READ MORE: China hints at its asymmetric warfare system aimed at dethroning

The French monarch Louis XIV sought to maintain control over the aristocracy by bringing them into the luxurious and warm embrace of a comfortable court life at Versailles. The ploy had a certain logic to it: kept close at hand and occupied by frivolous matters of court life, France’s nobles posed less of a threat and failed to develop the resiliency and resourcefulness that a confrontational approach by the monarch would have necessitated.
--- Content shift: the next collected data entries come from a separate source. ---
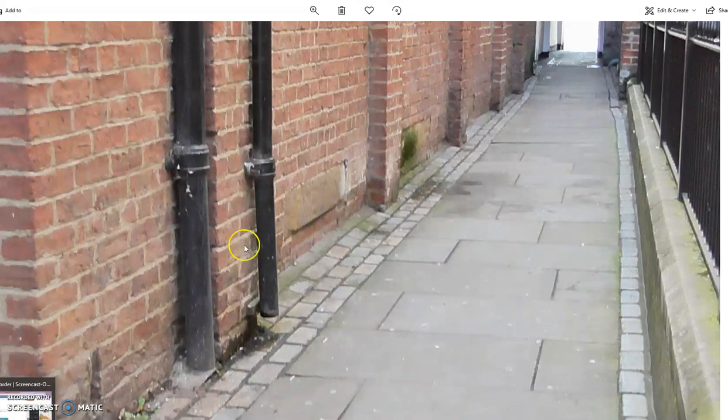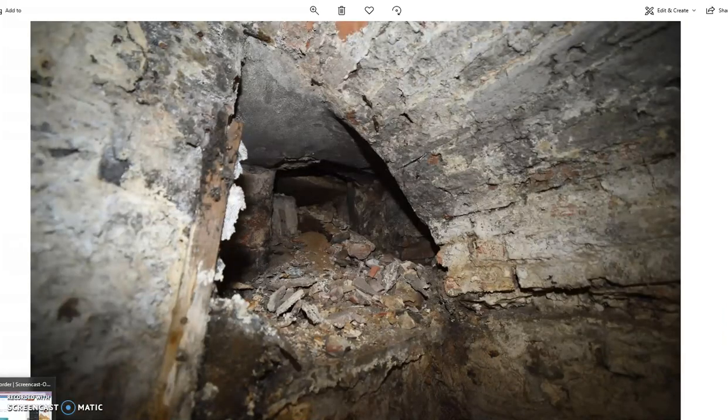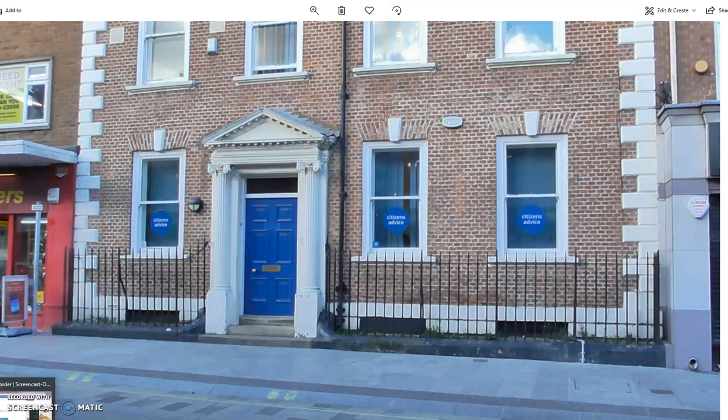These are the telltale signs to look out for: windows that have been bricked up at street level. You may have access to buildings in Stockton, Billingham, Middlesbrough or wherever that have archways that have been blocked up. If you've got access, take a picture and send it to me with the location so I can add it to the map. The iron railings and the tops of windows you can see here — there is definitely an underground level below there.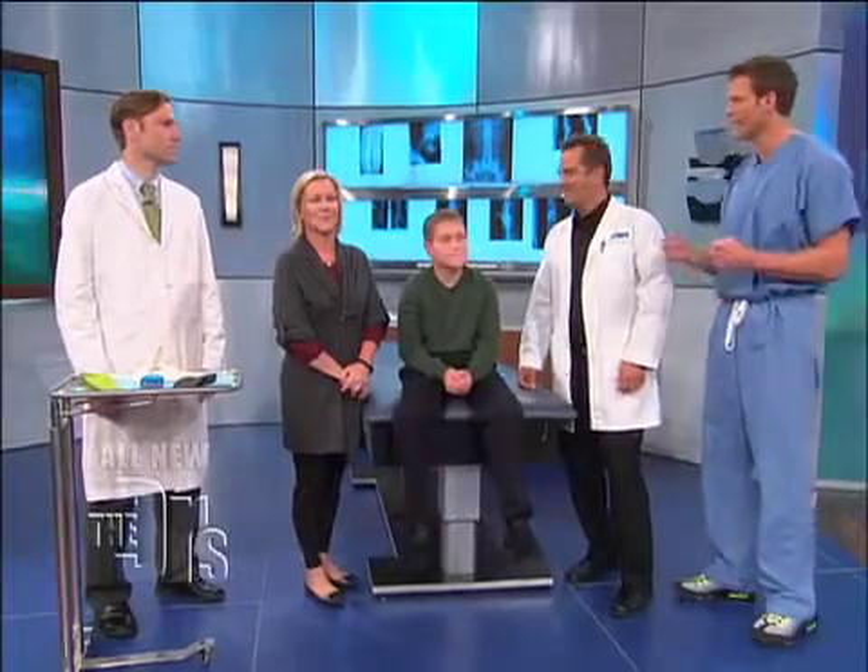Welcome Spencer, his mom Janine, and Dr. Alex Arcader, orthopedic surgeon at the Children's Hospital Los Angeles. Good to have everyone here. How you doing, Spencer? Good.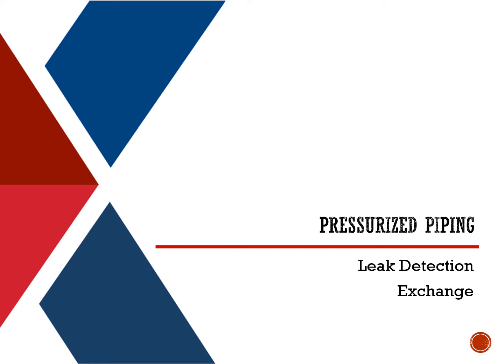Good morning, or good afternoon, or good day. I'm Robert Largent, the environmental engineer for APHIS, or the Exchange. I'd like to tell you a little bit about how we monitor our piping.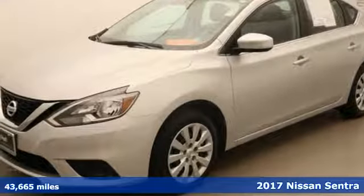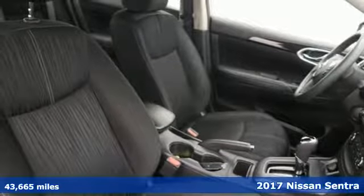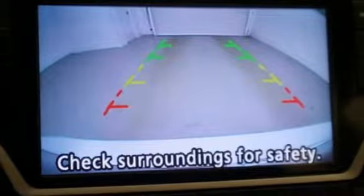Here's a 2017 Nissan Sentra. Who says your commuter car has to be a commuter car? Upgrade your drive with this Sentra — it's well equipped with the features you need.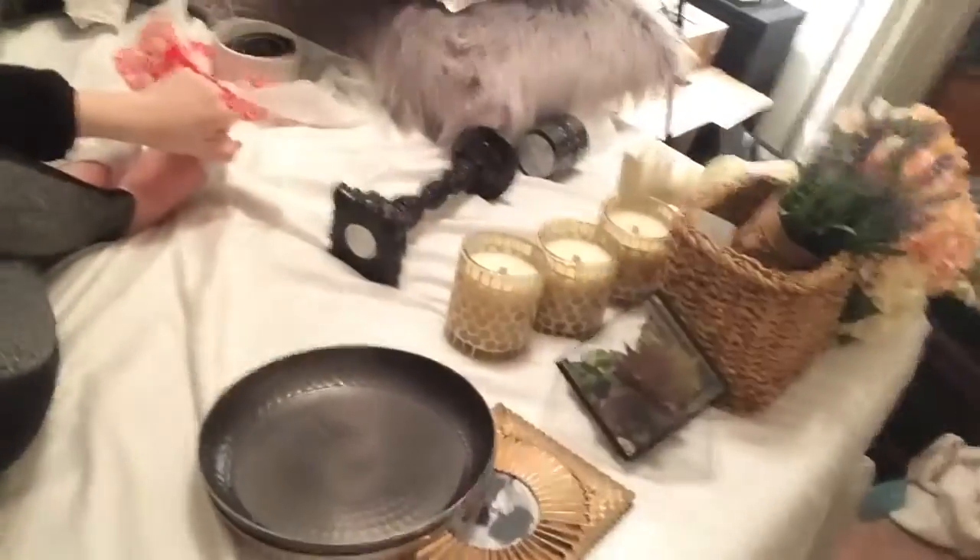I just finished filming my house decor haul and my bed is completely covered in house decor stuff, so I have to clean all that up. I'm going to go ahead and pack it all away in boxes since I'm done showing it to you guys.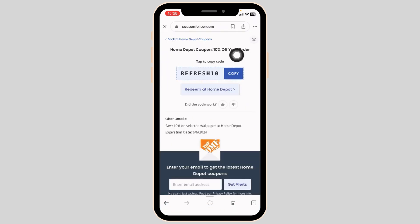Just click on the offer. With that you're gonna get the code for it. Make sure to check the expiration date of the code to verify whether it is valid or not. If it is valid, copy it.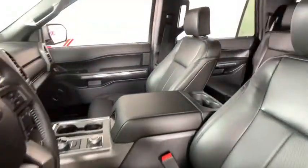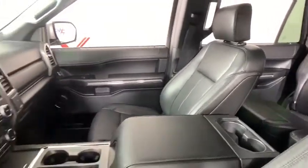A vehicle like this doesn't come along every day. Come in and get it before someone else does.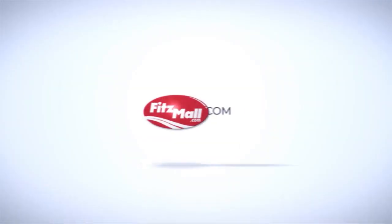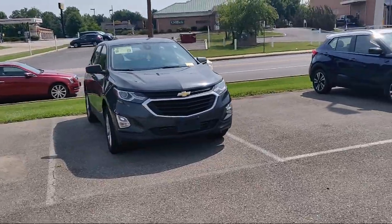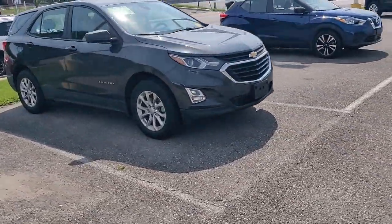For over 55 years, the Fitzway has been satisfying customers time and time again. And here's a look at another one of our great vehicles from our huge selection.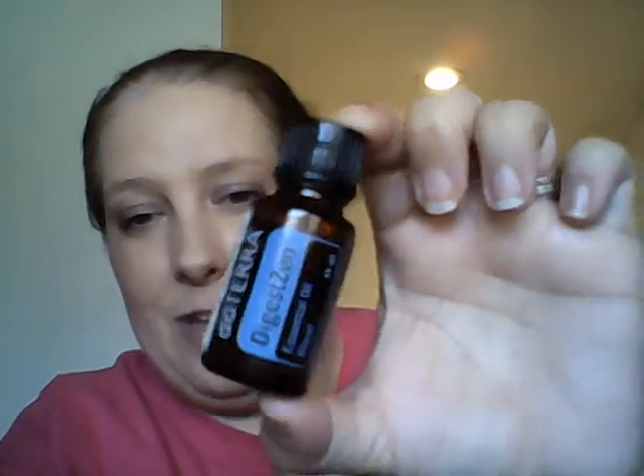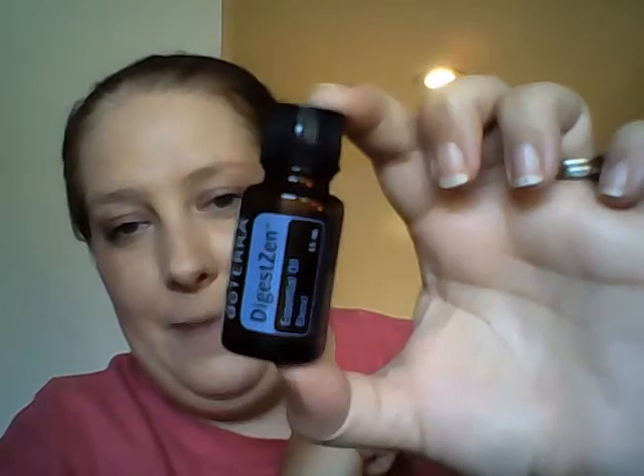I want to share with you today about a product called Digestin. Let me see if I can zoom in so you can see it. We also have the Digestin Touch, and I'll explain the difference between these two and their benefits. So let me start off talking about Digestin.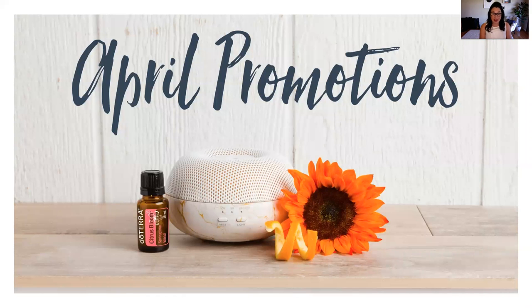Hey everyone, happy April! It is Brooke here, aka HippieLawyerMom, and I just wanted to take a few minutes and share with you our amazing April promotions.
The US could have opted for a similar approach of granting generous access to the dollar-centered system even to foes and scrupulously preserving that access even in the midst of competition. This would have kept even adversaries in the US orbit and comfortable and complacent about the status quo. Without a pressing need, few countries would have embarked so determinedly on the path of building a whole new infrastructure and revamping trade ties. But such an approach would have required far more foresight than is found in Washington these days.

In the short term, Russia will, somewhat paradoxically, seek workarounds to maintain its ability to convert between dollars and rubles. But at the same time, the ground is being laid for the yuan to play an even more prominent role in Russia’s economy. And it hardly bears mentioning that other countries are taking notice. This trend toward a new financial order is one that the US, in its blind zeal to punish Russia, keeps stumbling into new ways to encourage.